__Data provided__.
━━━━
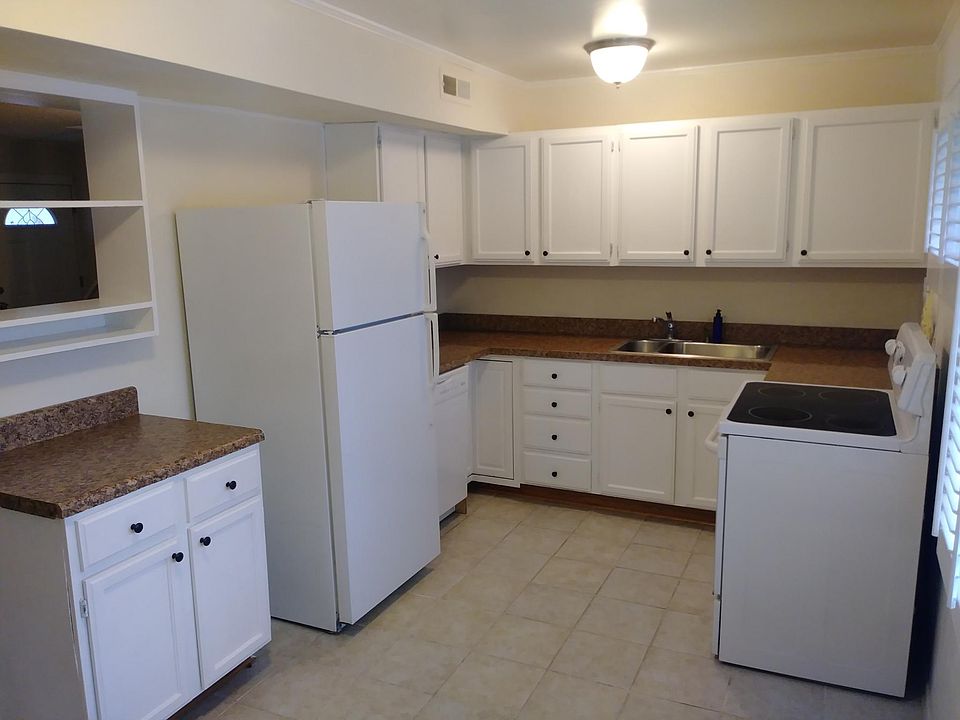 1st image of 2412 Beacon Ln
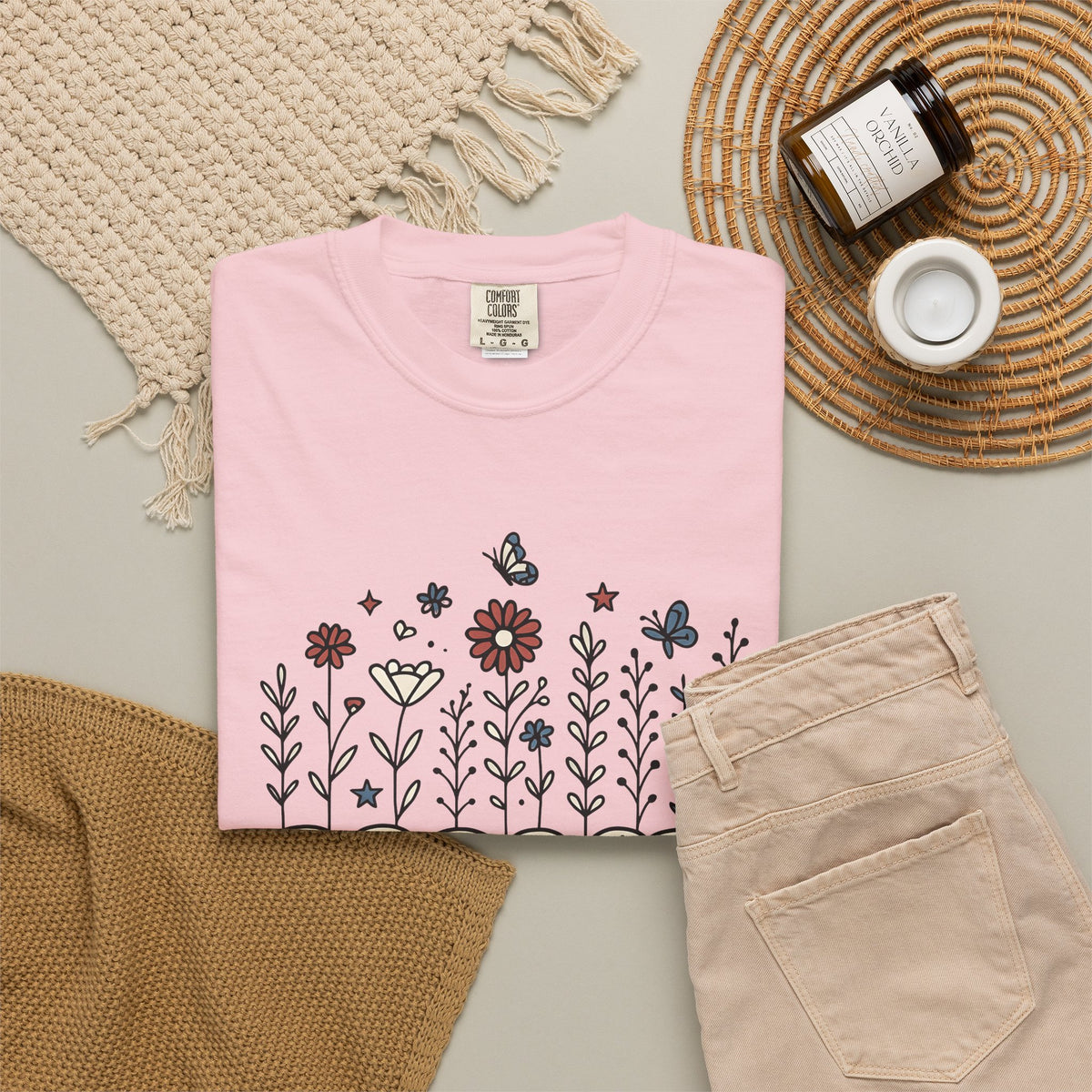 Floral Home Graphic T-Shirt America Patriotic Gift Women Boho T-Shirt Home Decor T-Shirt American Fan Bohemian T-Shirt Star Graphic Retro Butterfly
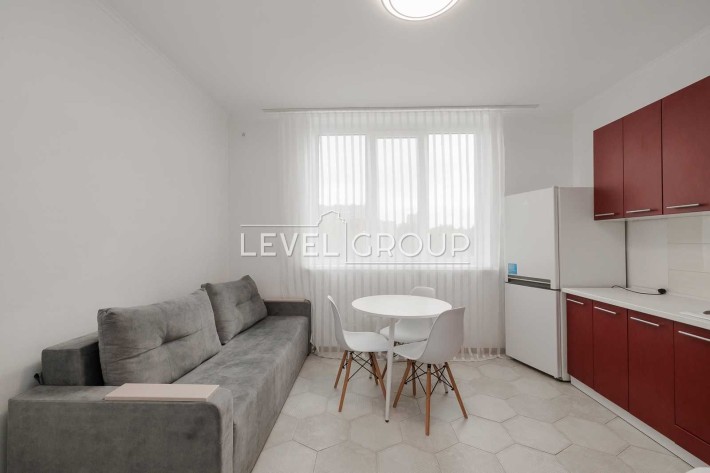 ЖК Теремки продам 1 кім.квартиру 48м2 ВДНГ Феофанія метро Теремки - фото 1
━━━━
__How to complete this task__.
All of the data must be given again exactly, without the pictures.

__Answer to this task__.
 1st image of 2412 Beacon Ln
 Floral Home Graphic T-Shirt America Patriotic Gift Women Boho T-Shirt Home Decor T-Shirt American Fan Bohemian T-Shirt Star Graphic Retro Butterfly
 ЖК Теремки продам 1 кім.квартиру 48м2 ВДНГ Феофанія метро Теремки - фото 1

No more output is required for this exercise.